Volgens gezinssituatie:
- Ben je getrouwd of wettelijk samenwonend, dan mag je kind, om voor 2019 ten laste te zijn, dit jaar niet meer dan € 3.330 nettobestaansmiddelen hebben.
- Woon je alleen of woon je feitelijk samen, dan is het grensbedrag € 4.810 of, voor een kind met een handicap, € 6.110.
Voor inkomstenjaar 2018 waren die bedragen respectievelijk € 3.270, € 4.720 en € 5.990.
Opgelet, dit grensbedrag moet je zelf berekenen:
Want in je aangifte wordt alleen gevraagd hoeveel kinderen je ten laste hebt en niet welke en hoeveel bestaansmiddelen je kinderen hebben. Je doet deze berekening in twee stappen:
- de brutobestaansmiddelen
- het nettobedrag
Brutobestaansmiddelen berekenen
Algemene regel:
Alle inkomsten van je kind zijn in principe bestaansmiddelen.
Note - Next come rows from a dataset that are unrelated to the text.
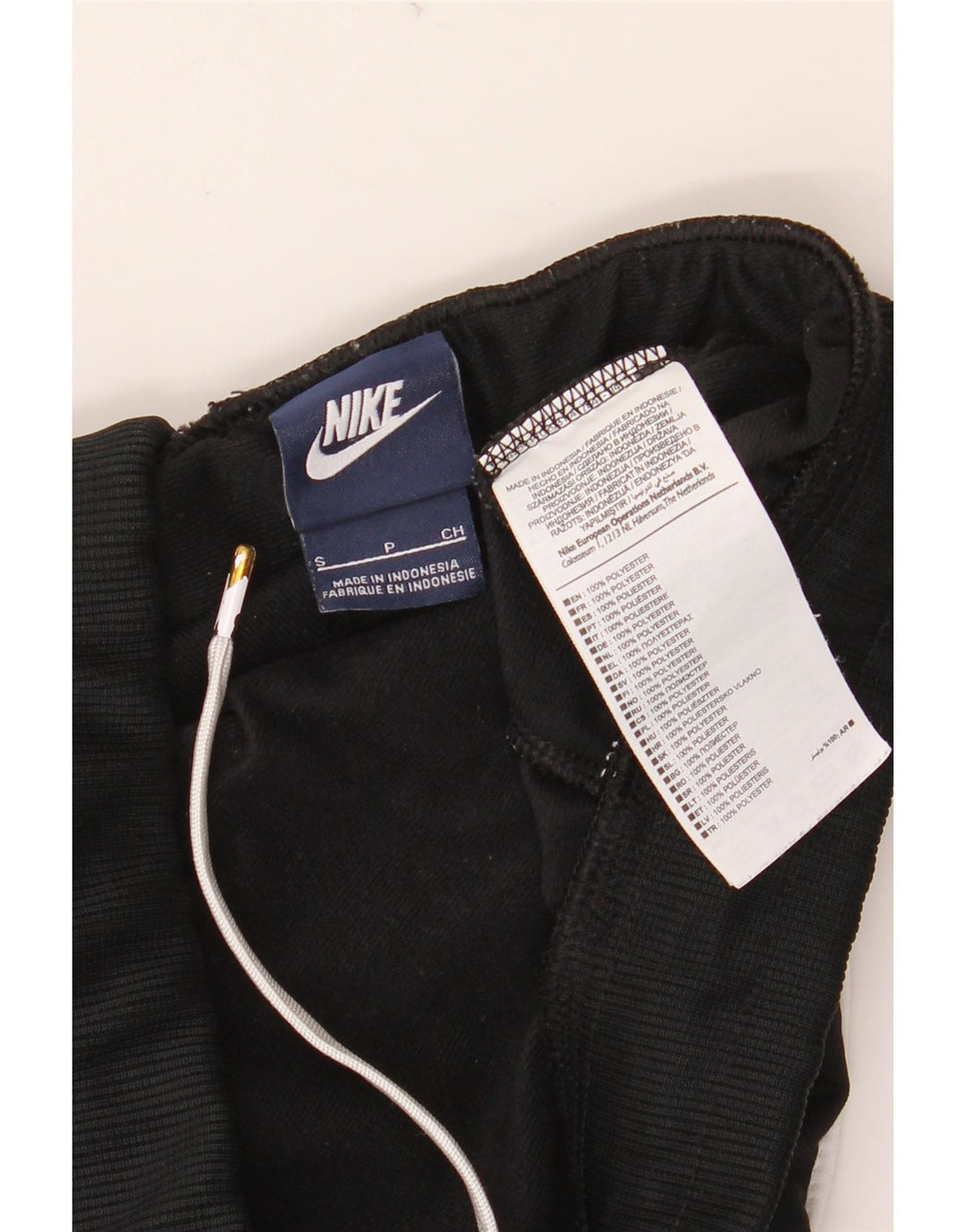Pantaloni de trening NIKE pentru femei UK 10 Poliester negru mic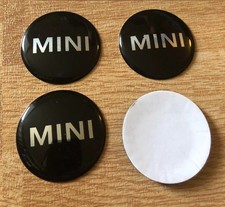 4x 56mm Für Mini Cooper Emblem Nabendeckel Radkappen Nabenkappen Aufkleber Auto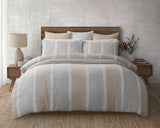 Nina Duvet Set - Grey/Beige - Queen - BAKSANA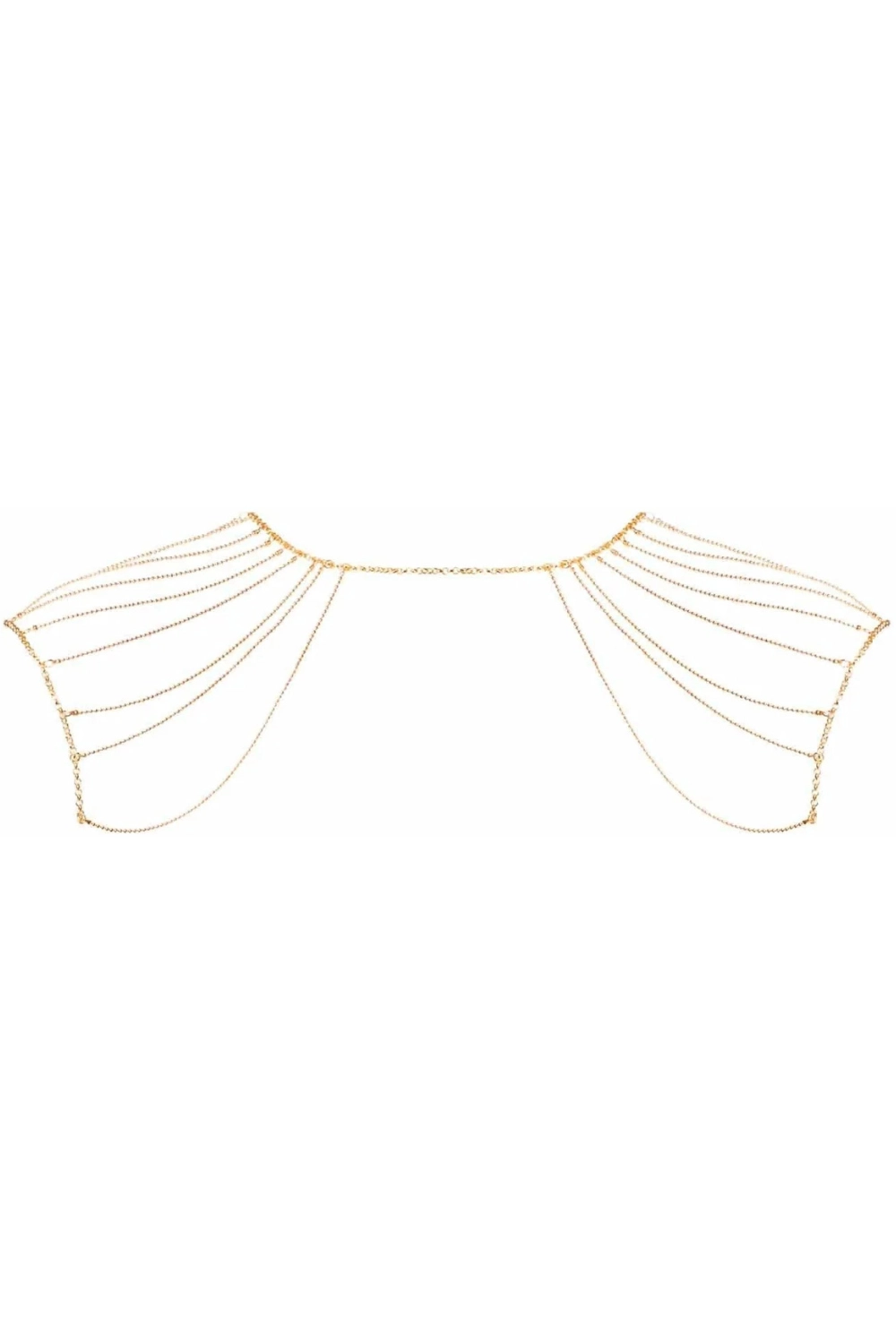 Magnifique Shoulders and Back Chain in Gold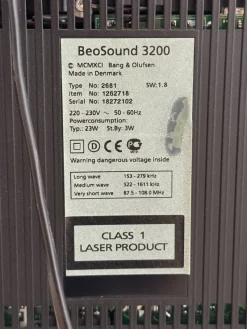 Pamono Beosound 3200 & Beolab 8000 from Bang & Olufsen, 1990s, Set of 3><noscript><img width=
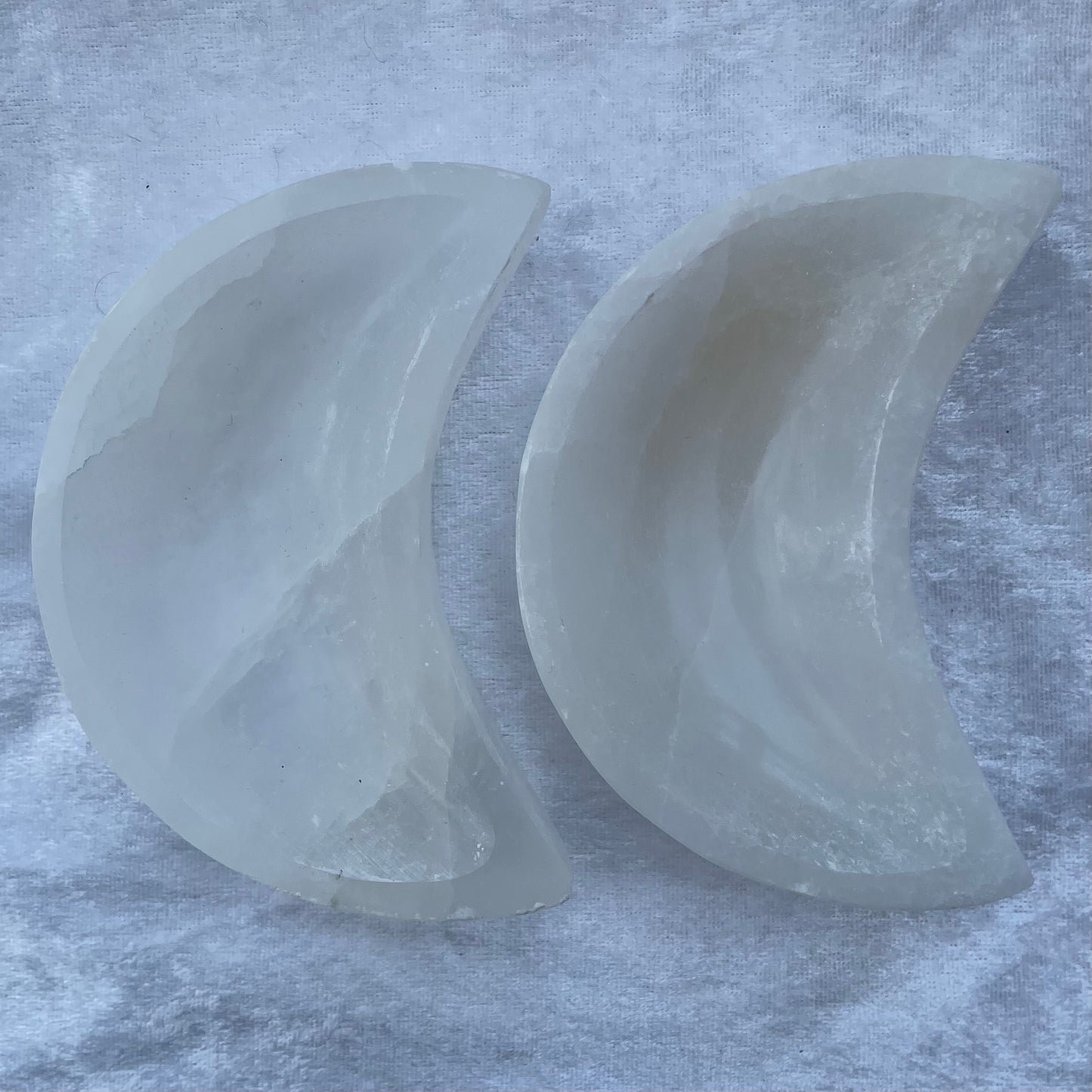 Selenite Moon Bowls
Het gaat dus niet enkel om beroepsinkomsten, maar ook om (on)roerende inkomsten. Voor zover je kind meerderjarig is, en diverse inkomsten tellen mee. Kapitalen, bv. van een erfenis, tellen niet mee.
Tellen nooit mee:
Vier soorten inkomsten tellen helemaal niet mee als bestaansmiddelen, ongeacht het bedrag. Het gaat o.m. om kinderbijslagen en studiebeurzen, tegemoetkomingen aan personen met een handicap en achterstallige, door een rechter opgelegde onderhoudsuitkeringen.
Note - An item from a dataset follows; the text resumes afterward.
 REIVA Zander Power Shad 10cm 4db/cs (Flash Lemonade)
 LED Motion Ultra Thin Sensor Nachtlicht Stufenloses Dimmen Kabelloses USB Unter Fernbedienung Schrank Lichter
Tellen tot een bepaald grensbedrag niet mee:
Twee soorten inkomsten tellen maar tot een bepaald grensbedrag niet mee als bestaansmiddelen.
- Tot € 2.720 (voor 2018) of € 2.780 (voor 2019), inkomsten uit een studentenjob, een activiteit als student-zelfstandige of als leerling in een alternerende opleiding;
- Tot € 3.270 (voor 2018) of € 3.330 (voor 2019), gewone onderhoudsuitkeringen en wezenrenten.
Opgelet! De grensbedragen van verschillende soorten mogen gecumuleerd worden. Ontvangt jouw zoon bv. in 2019 naast zijn arbeidsinkomsten ook nog een onderhoudsuitkering, dan geldt daarvoor de volledige € 3.330 als niet mee te tellen bedrag, dus bovenop de € 2.780 voor de arbeidsinkomsten.
Nettobestaansmiddelen berekenen
Van bruto naar netto:
Je mag de brutobestaansmiddelen verminderen met ofwel 20 % forfaitaire kosten ofwel de werkelijke kosten waarvoor bewijsstukken zijn. De forfaitaire kosten voor werknemerslonen en baten samen bedragen ten minste € 450 (voor 2018) of € 460 (voor 2019).
U kiest voor werkelijke kosten? Dan moet je de aftrek beperken in verhouding tot het deel van de inkomsten dat als bestaansmiddelen beschouwd wordt.
Bijvoorbeeld:
Jouw kind verdient als student-zelfstandige in 2019 een bruto-inkomen van € 6.500 en heeft € 1.500 werkelijke kosten. Slechts € 3.720 komt in aanmerking als brutobestaansmiddelen, nl. € 6.500 – € 2.780. De aftrekbare kosten moet je beperken tot € 858,46, nl. € 1.500 x € 3.720 / € 6.500. De nettobestaansmiddelen bedragen dus € 3.720 – € 858,46 = € 2.861,54.
Bepaalde inkomsten, zoals van een studentenjob, worden tot een bepaald bedrag niet als bestaansmiddelen beschouwd. Nadat je die afgezonderd hebt, mag je van de rest van de inkomsten nog 20 % forfaitaire kosten of bewezen werkelijke kosten in mindering brengen. Dit saldo vergelijk je dan met het grensbedrag om ten laste te zijn.